5 Ways to Create a Personalized User Experience
SaaS products are masters at multitasking. A single CRM or email marketing app might serve startups and enterprises, UX designers and product managers, visual learners, and kinesthetic learners. No two users are the same, so why should their onboarding be? Persona-based onboarding dials into the needs of users and delivers a personalized user experience for each customer segment throughout the user journey. And this personalized approach works!
In this post from our friends at Candu, you’ll learn how to take a personalized approach to boost your user experience. Like Userpilot, Candu is a no-code, drop-and-drag editor for SaaS – perfect for all your UX creation needs.
80% of consumers are more likely to do business with a company that offers a personalized user experience.

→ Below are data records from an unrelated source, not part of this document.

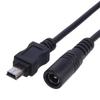 Разъем питания DC 5.5x2.1мм гнездо на Mini USB штекер удлинительный кабель для зарядки адаптер (5,5x2,1 мм к Mini USB)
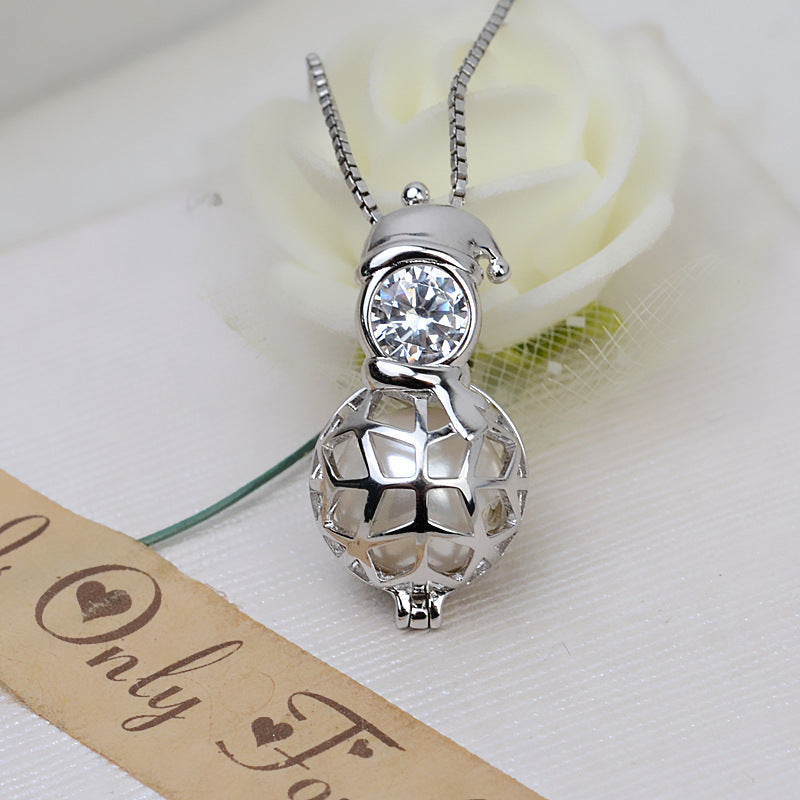 S925 sterling silver cage(C16)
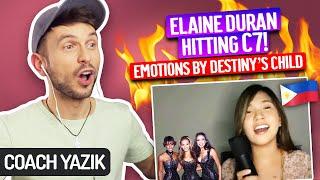 YAZIK reacts to EMOTIONS - Elaine Duran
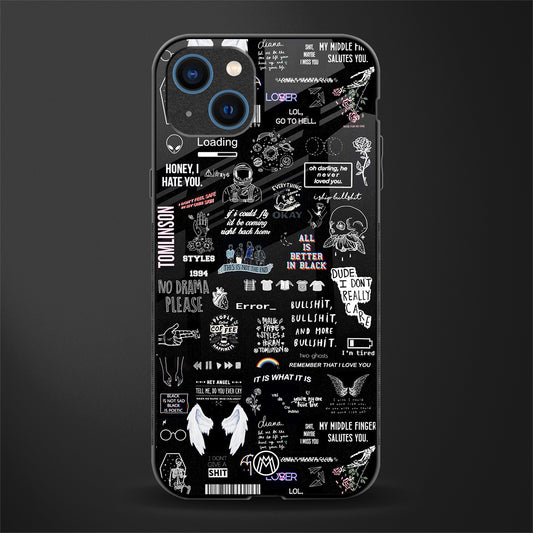 all is better in black glass case for iphone 13 image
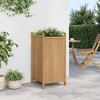 Planter Natural Bamboo Bamboo 15.7x15.7x31.5 in Decorative Inlays - 3 of 4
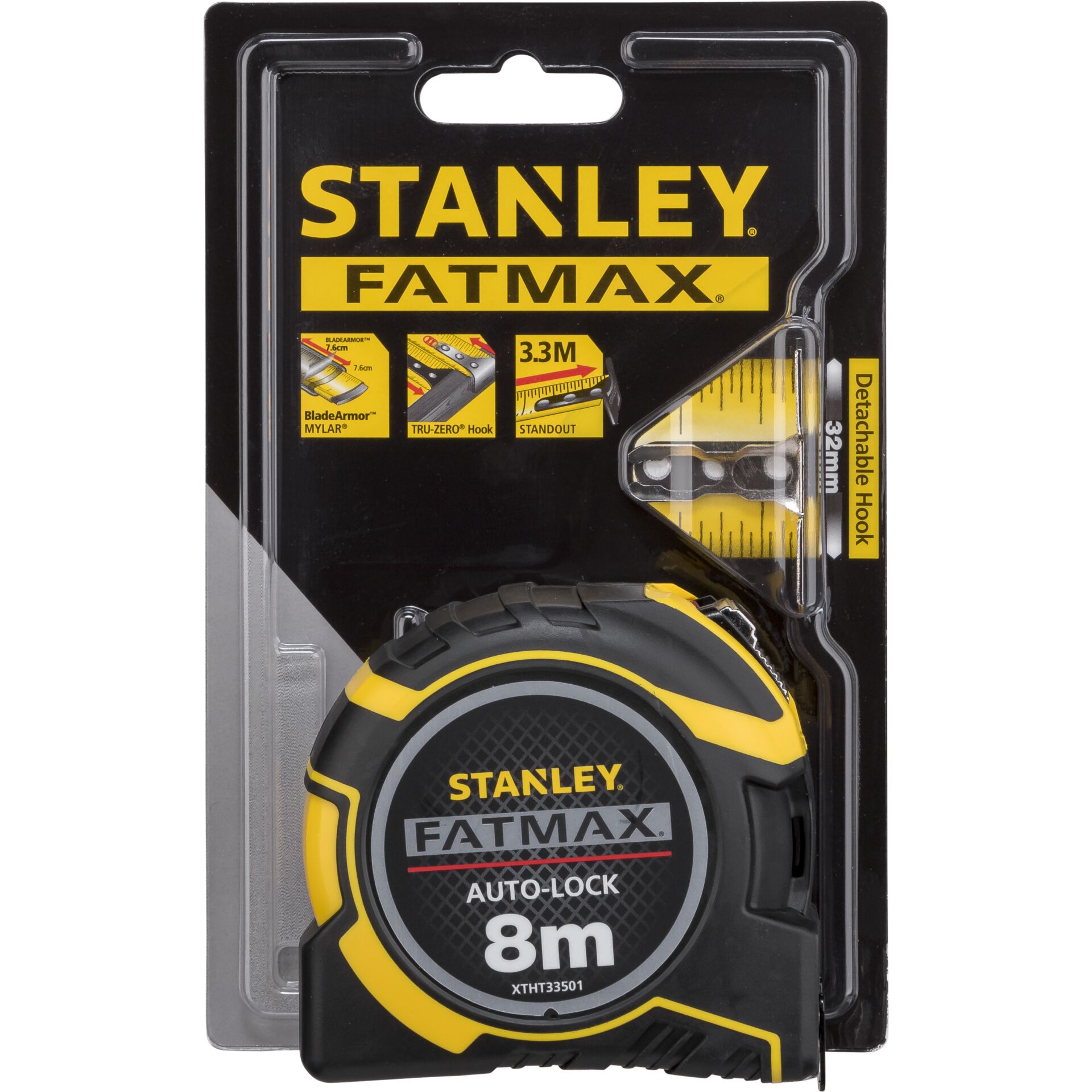 Stanley Bandmass FatMax Pro Autolock 8m32mm Messwerkzeuge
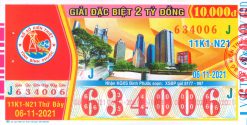 Mẫu vé số Bình Phước ngày 6-11-2021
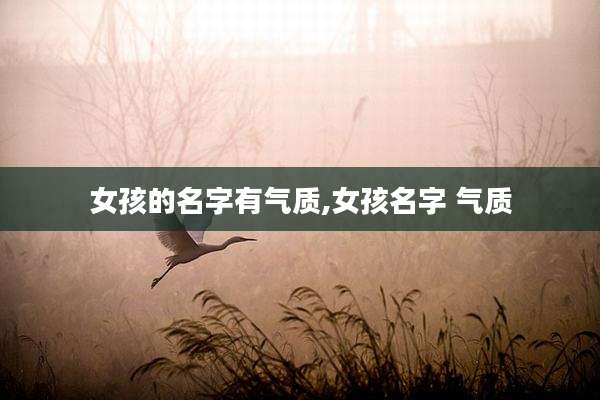 女孩的名字有气质,女孩名字 气质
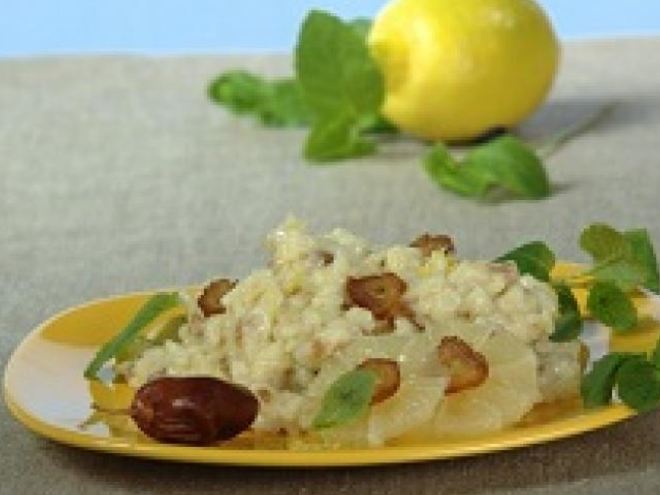 Рецепт лимонного ризотто с финиками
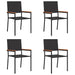 Scaune de grădină stivuibile 4 pcs Negru, Marron - WALTI WALTI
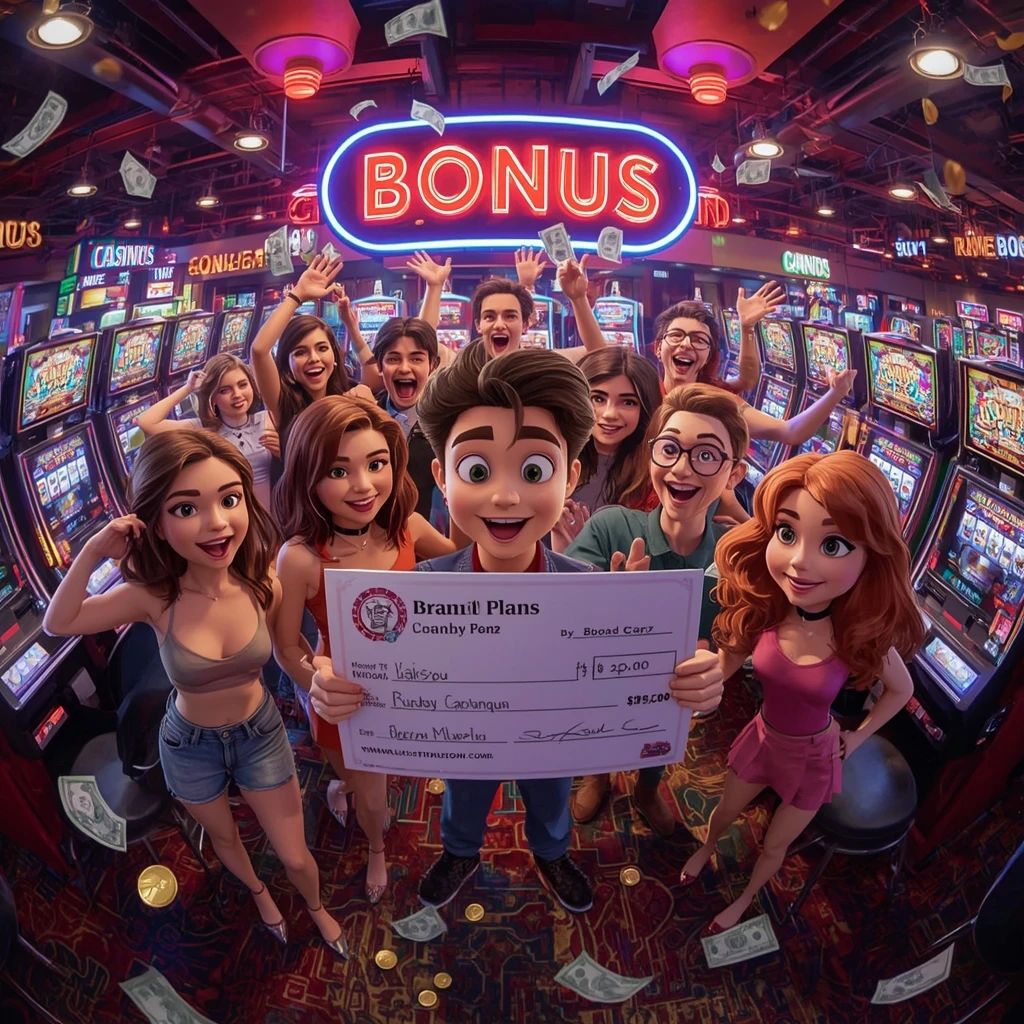 bonus dans les mains d'un homme au casino CASOO CASINO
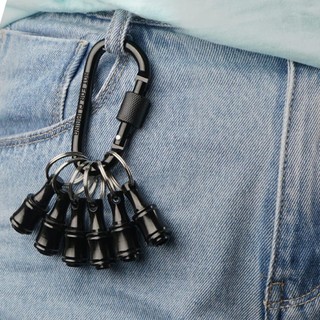 POCKETN 6Pack 1 / 4 "Chuôi lục giác, Bộ phận dụng cụ khoan điện Giá đỡ mũi tuốc nơ vít, Chuyển đổi chất lượng cao Thanh mở rộng phát hành nhanh đa chức năng ngoài trời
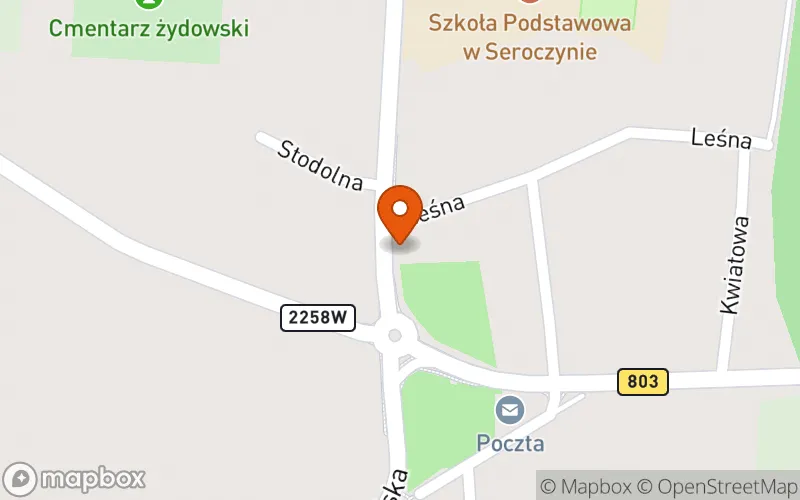 Lokalizacja: Gminny Żłobek "Nenufarek" z siedzibą w Seroczynie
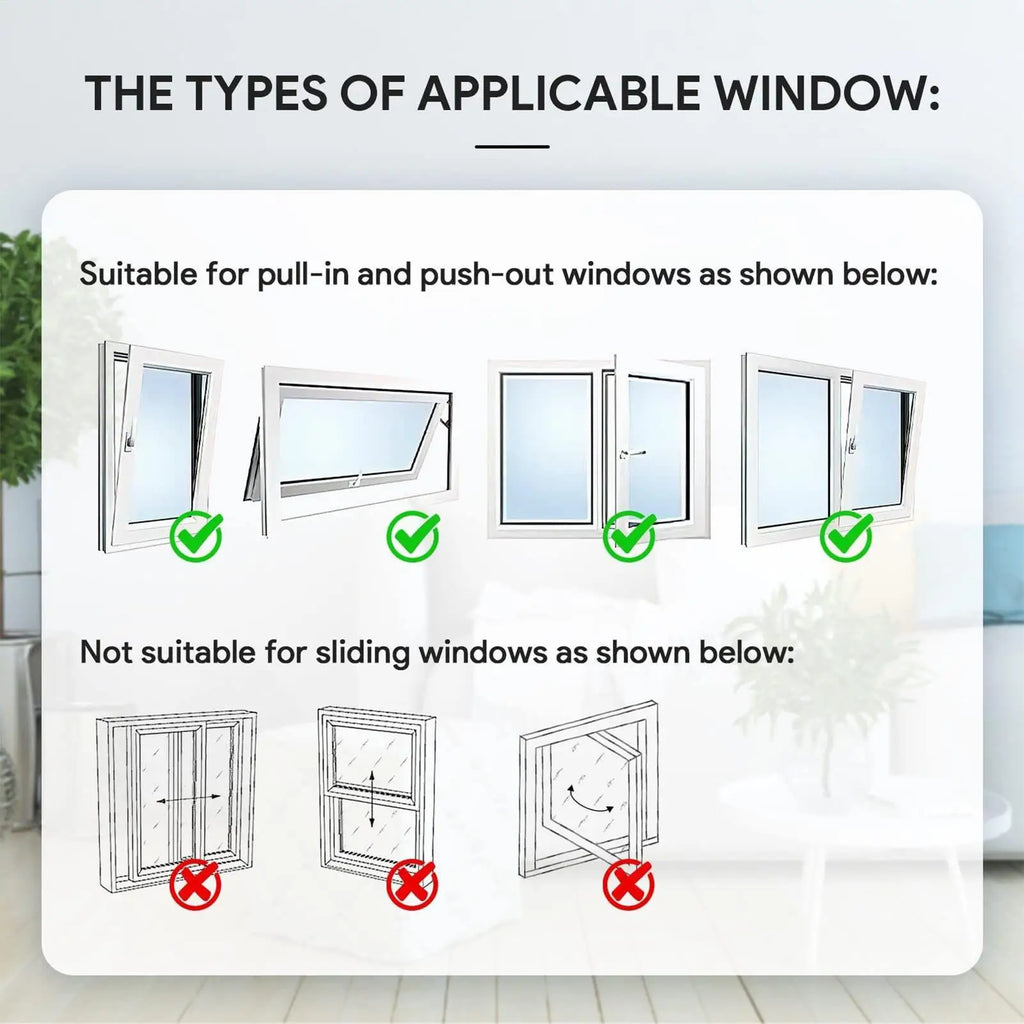 100% Air Conditioner Sealing Effect Window Vent Kit Portable Waterproof Hot Air Stop Guard Keep House Cool Window Seals Kit Vue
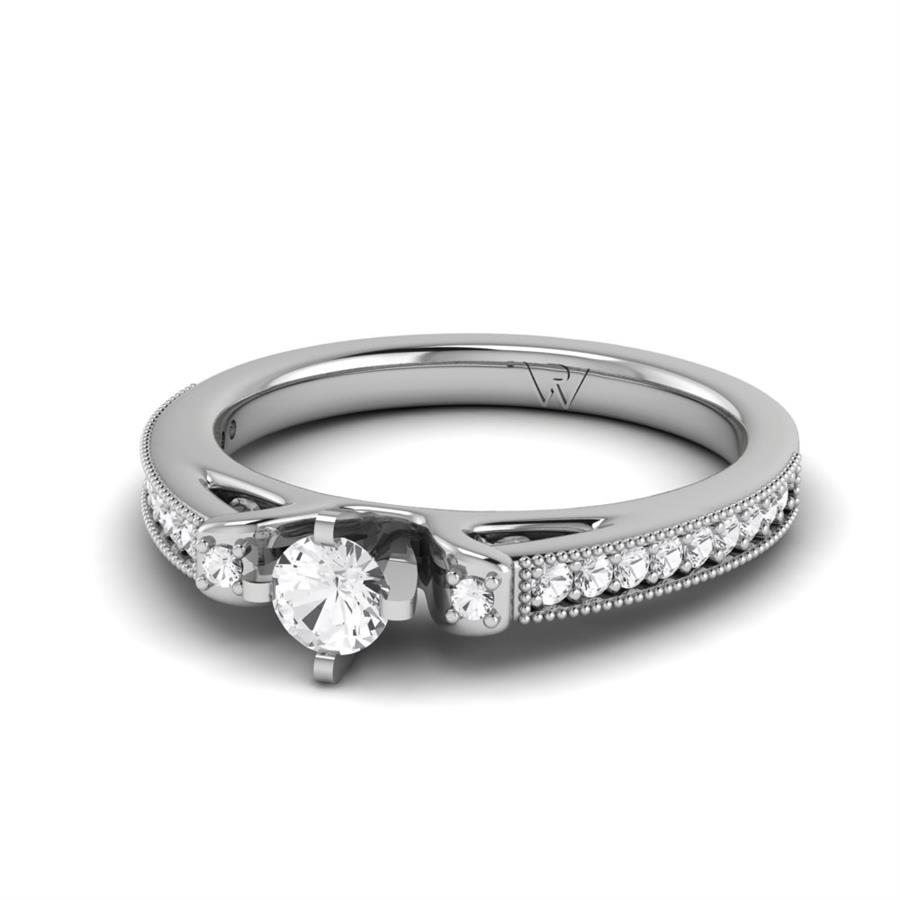 Solitaires Ravive Or Blanc Oxyde de zirconium 0.40 ct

Even better, 80% of companies report an uplift after implementing personalization.
Although it takes a little extra work in terms of building personas and creating UX variations, the payoff is an engaged user base that finds value in your product from the get-go. Let’s take a look at how it’s done.
How to collect data to create a personalized user experience?
A persona is so much more than a job role! It takes into account personality traits, company size, geographic location, technical aptitude, and more. Create a micro survey to ask your users the questions that matter most to you and your targeting capabilities. Integromat, for instance, asks customers about the other apps they use, while Kontentino focuses on use cases.
Include these persona-driven questions on your signup form to ensure you get the data you need. According to Accenture, 83% of consumers are willing to share their data for a more personalized user experience. Just don’t take advantage of your users’ goodwill: Keep questions brief and your micro survey short to avoid churn.
6 examples of personalized onboarding
Once you know who your users are and what makes them tick, you can build personas representing your typical customers. Then it’s time to personalize your onboarding to suit each persona. Let’s take a look at a few SaaS companies that are doing it well.
#1. Customer success stories
Proven results from your customers — whether in the form of short testimonials or complete case studies — are a powerful sales tool, but they only work if they’re relevant! An HR manager doesn’t want to read about how a developer uses your product, and vice versa.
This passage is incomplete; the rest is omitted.